“But how do you know him?” she was asked. “Is he always dressed the same?”
“Oh, no,” was the reply, “he sometimes wears a black coat and sometimes a brown; and one year he had a blue one with brass buttons. That was the first year I saw him, and I have never missed him since. He has always white hair, and he walks slowly, looking about him. I always know him, almost as well as you’d know Santa Claus if he came along the street, though, of course, he never does. He comes down chimneys, and I don’t think children ever do see him, for they’re always asleep.”
The little woman was, wisely I think, left undisturbed in her innocent fancy. How many more times she ensconced herself in her window on the 31st of December I cannot say. The belief in the poor Old-year’s lonely wandering interested her for the time and did her no harm, then gently faded, to be revived perhaps as a story of “When mother was a little girl,” when mother came to have little girls of her own to beg for her childish reminiscences.

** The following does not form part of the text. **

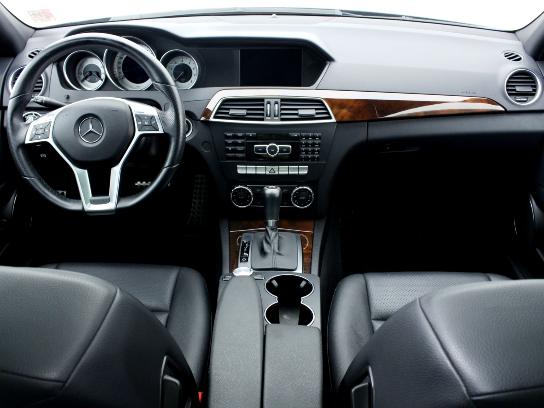 Florida Fine Cars - Used MERCEDES-BENZ C CLASS 2012 MIAMI C300 4MATIC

This personification of abstract ideas is a peculiarity, a speciality of children, as it was no doubt of the children of the world’s history—our remote ancestors. And I have noticed that among abstract ideas that of time has a particular fascination for imaginative little people. Many years ago I happened to be staying in a country house when a group of children arrived from town to spend their summer holiday with the uncle and aunt to whom it belonged. Entering the room where these little sisters were quartered, early in the morning after their journey, I was surprised to find the trio wide awake, each sitting up in her cot, in absolute silence as if listening for something.
I too stood silent and still for a minute or two, till yielding to curiosity I turned to the nearest bed, which happened to be that of the youngest, a girl of five or six.
“What is it, Francie?” I inquired. “Are you trying to hear the church bells”—for it was Sunday morning—“or what?”
With perfect seriousness she turned to me as she replied—
“No, auntie dear. We are listening to time passing. We can always hear it when we first come to the country. In London there is too much noise. Meg”—her mature sister of ten—“taught us about it. So we always try to wake early the first morning on purpose to hear it.”
Another friend of mine, now an elderly, if not quite an old, woman, had a curious fancy when a very young child, in connection with which there is a pretty anecdote of the poet Wordsworth, which may make the story worth relating. This little girl believed that during the night before a birthday a miraculous amount of “growing” was done, and on the morning on which her elder brother attained the age of six, she, his junior by two years, flew into the nursery when he was being dressed, expecting to see a marvellous transformation. But—to her immense disappointment—there stood her dear Jack looking precisely as he had done when she bade him good-night the evening before. Maimie’s feelings were too much for her.
“Oh, Jack,” she cried, bursting into tears, “why haven’t you growed big? I thought you’d be kite a big boy this morning.”